Short descriptive text snippets
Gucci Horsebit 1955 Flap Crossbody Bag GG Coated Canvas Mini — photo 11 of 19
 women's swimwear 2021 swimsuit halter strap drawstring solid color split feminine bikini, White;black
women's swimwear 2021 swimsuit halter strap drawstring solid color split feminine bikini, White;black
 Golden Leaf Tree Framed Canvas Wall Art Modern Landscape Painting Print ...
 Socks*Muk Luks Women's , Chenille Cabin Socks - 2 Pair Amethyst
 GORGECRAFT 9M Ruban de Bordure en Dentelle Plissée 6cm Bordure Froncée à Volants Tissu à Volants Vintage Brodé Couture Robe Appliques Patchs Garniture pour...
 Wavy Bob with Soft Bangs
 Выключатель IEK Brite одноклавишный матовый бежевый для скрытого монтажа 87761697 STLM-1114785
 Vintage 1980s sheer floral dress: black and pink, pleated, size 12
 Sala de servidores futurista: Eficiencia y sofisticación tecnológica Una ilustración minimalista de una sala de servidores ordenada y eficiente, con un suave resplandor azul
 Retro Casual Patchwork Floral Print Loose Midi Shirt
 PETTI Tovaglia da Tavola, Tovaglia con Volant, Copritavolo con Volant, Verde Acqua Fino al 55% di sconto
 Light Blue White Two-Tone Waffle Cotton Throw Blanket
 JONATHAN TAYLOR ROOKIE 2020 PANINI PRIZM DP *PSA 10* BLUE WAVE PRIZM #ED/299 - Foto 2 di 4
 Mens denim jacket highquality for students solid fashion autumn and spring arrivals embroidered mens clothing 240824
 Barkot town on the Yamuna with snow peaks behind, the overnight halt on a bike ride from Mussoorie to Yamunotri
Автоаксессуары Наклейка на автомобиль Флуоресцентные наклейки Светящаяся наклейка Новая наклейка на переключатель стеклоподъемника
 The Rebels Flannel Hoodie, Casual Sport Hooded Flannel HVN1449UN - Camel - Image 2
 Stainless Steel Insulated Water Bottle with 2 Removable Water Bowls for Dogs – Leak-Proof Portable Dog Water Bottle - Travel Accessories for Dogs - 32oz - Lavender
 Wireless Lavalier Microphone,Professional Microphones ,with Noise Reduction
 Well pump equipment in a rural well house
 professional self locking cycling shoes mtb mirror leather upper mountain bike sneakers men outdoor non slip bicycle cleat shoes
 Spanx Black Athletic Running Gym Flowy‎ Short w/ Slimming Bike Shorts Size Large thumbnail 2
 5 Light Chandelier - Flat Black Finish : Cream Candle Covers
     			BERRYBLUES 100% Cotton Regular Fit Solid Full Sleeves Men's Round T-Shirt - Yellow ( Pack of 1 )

WORK REQUEST
Copy the lines above exactly, beginning at the line that has "Mens denim jacket" and stopping after the line that has "Автоаксессуары Наклейка на", and omit the rest.

WRITTEN ANSWER
 Mens denim jacket highquality for students solid fashion autumn and spring arrivals embroidered mens clothing 240824
 Barkot town on the Yamuna with snow peaks behind, the overnight halt on a bike ride from Mussoorie to Yamunotri
Автоаксессуары Наклейка на автомобиль Флуоресцентные наклейки Светящаяся наклейка Новая наклейка на переключатель стеклоподъемника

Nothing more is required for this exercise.